Exercise:
In the listing below, find the line with "Superior Solid 2pc" and the line with "Upstate Stock 50/50". Repeat those two lines and all lines between them exactly.

Material shown:
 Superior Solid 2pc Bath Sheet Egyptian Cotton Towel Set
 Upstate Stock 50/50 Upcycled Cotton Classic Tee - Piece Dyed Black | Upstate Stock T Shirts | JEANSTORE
==
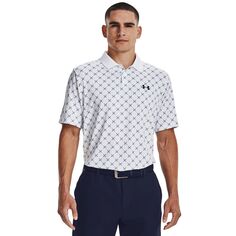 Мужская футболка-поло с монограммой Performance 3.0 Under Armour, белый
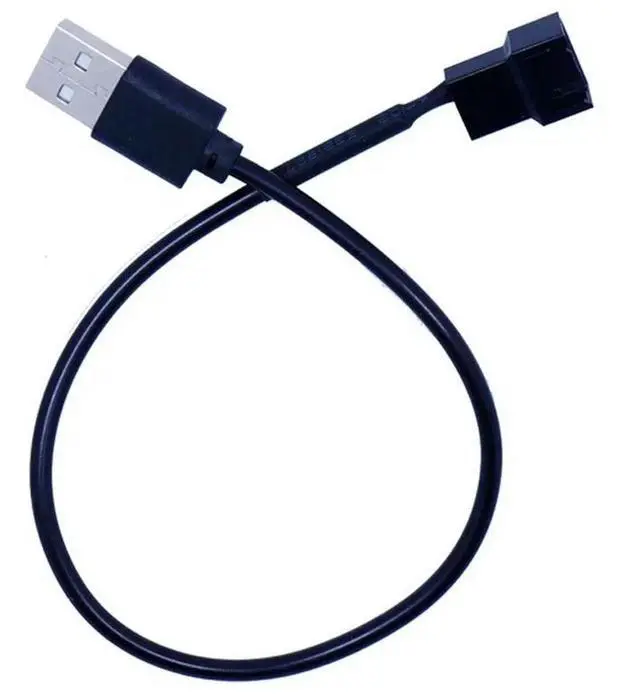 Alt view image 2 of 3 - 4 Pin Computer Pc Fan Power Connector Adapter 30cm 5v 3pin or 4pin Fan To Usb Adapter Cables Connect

Result below:
 Superior Solid 2pc Bath Sheet Egyptian Cotton Towel Set
 Upstate Stock 50/50 Upcycled Cotton Classic Tee - Piece Dyed Black | Upstate Stock T Shirts | JEANSTORE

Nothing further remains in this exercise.